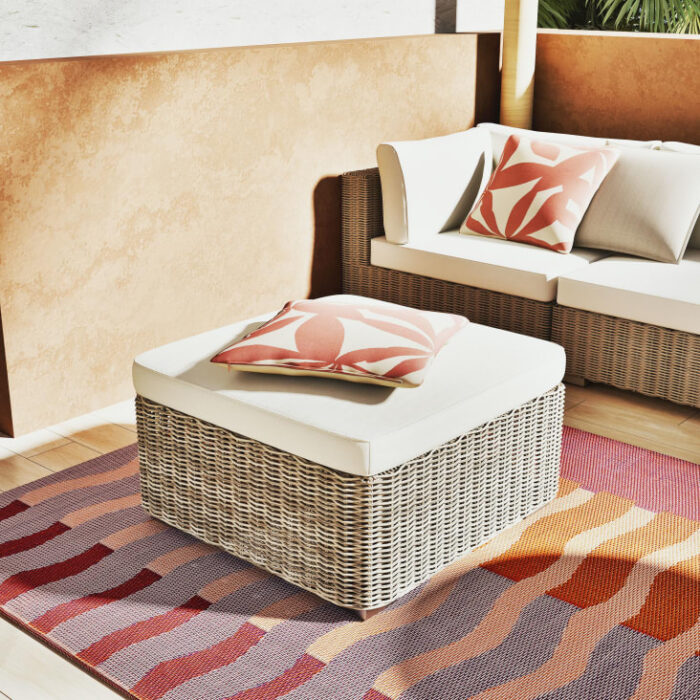 GARIN - Coussin de jardin tissé beige 45x45 – Image 4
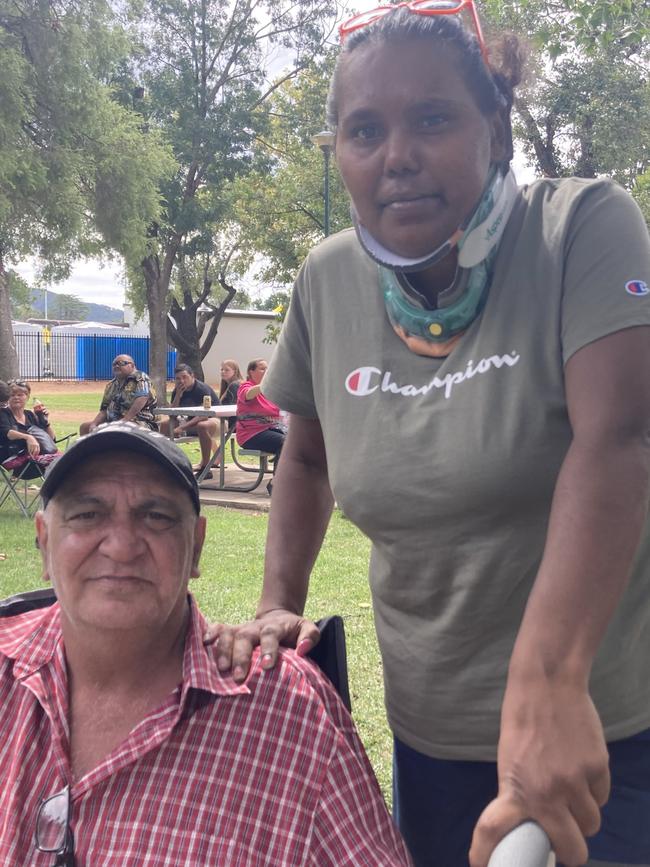 Shayleen Frail with her father Steven Button at Sheldon’s birthday celebration. Picture: Ryan Young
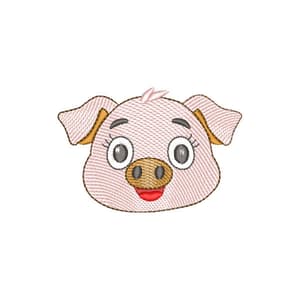 Matriz de bordado Rosto Porquinho Da Fazenda (Pontos Leves)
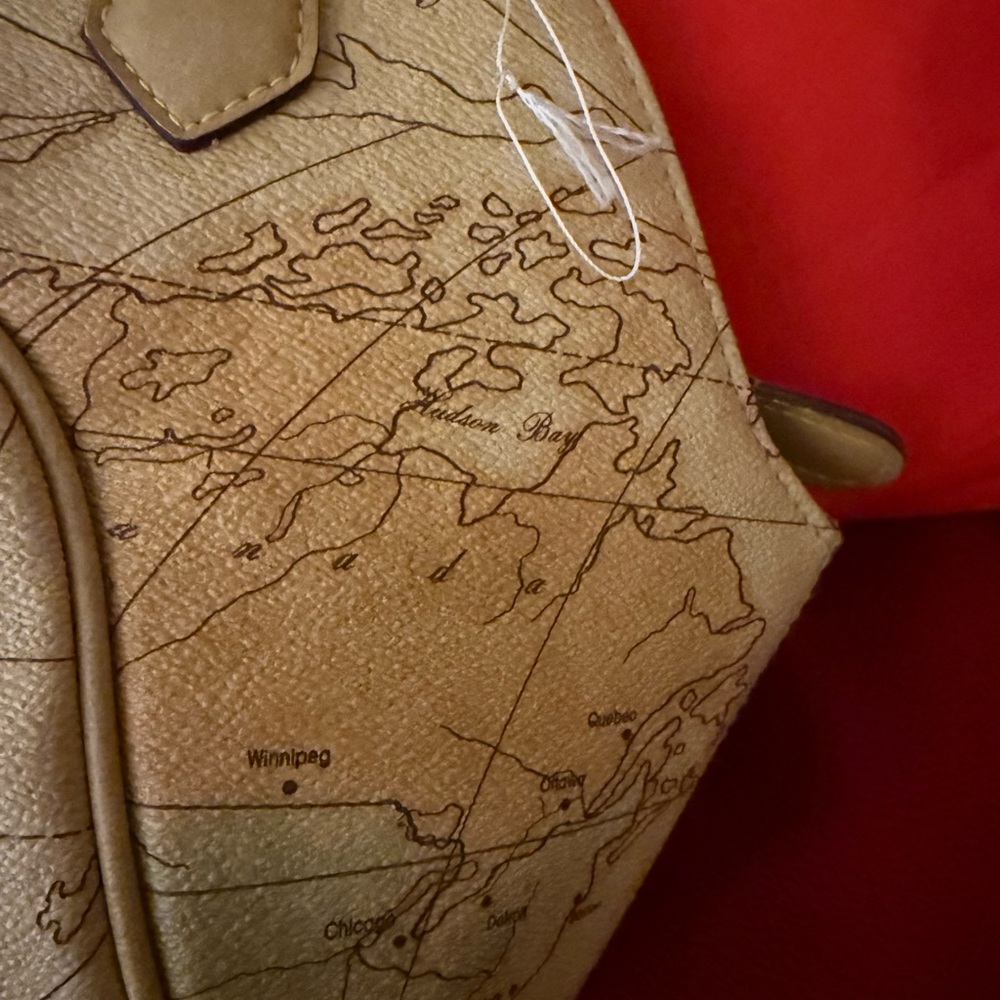 Tan Map Print Clutch - image 7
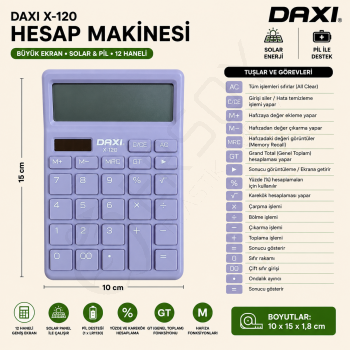Daxi X-120 L Hesap Makinesi Lila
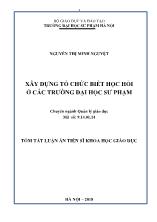 Tóm tắt Luận án Xây dựng tổ chức biết học hỏi ở các trường đại học sư phạm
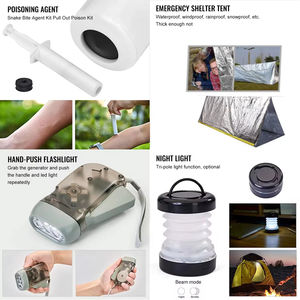 Trousse de premiers secours d'urgence de voyage personnalisée 36-en-1, outils de survie SOS pour tremblements de terre, équipement et sac de matériel de secours DIY - Product Image 3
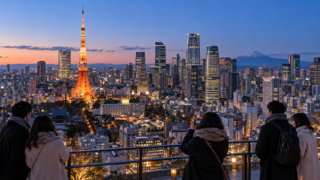 Tokyo in December at blue hour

#####

In transcribing the material above, reproduce each line exactly and include none of the pictures.

[Reply]
 GARIN - Coussin de jardin tissé beige 45x45 – Image 4
 Shayleen Frail with her father Steven Button at Sheldon’s birthday celebration. Picture: Ryan Young
 Matriz de bordado Rosto Porquinho Da Fazenda (Pontos Leves)
 Tan Map Print Clutch - image 7
Daxi X-120 L Hesap Makinesi Lila
 Tóm tắt Luận án Xây dựng tổ chức biết học hỏi ở các trường đại học sư phạm
 Trousse de premiers secours d'urgence de voyage personnalisée 36-en-1, outils de survie SOS pour tremblements de terre, équipement et sac de matériel de secours DIY - Product Image 3
 Tokyo in December at blue hour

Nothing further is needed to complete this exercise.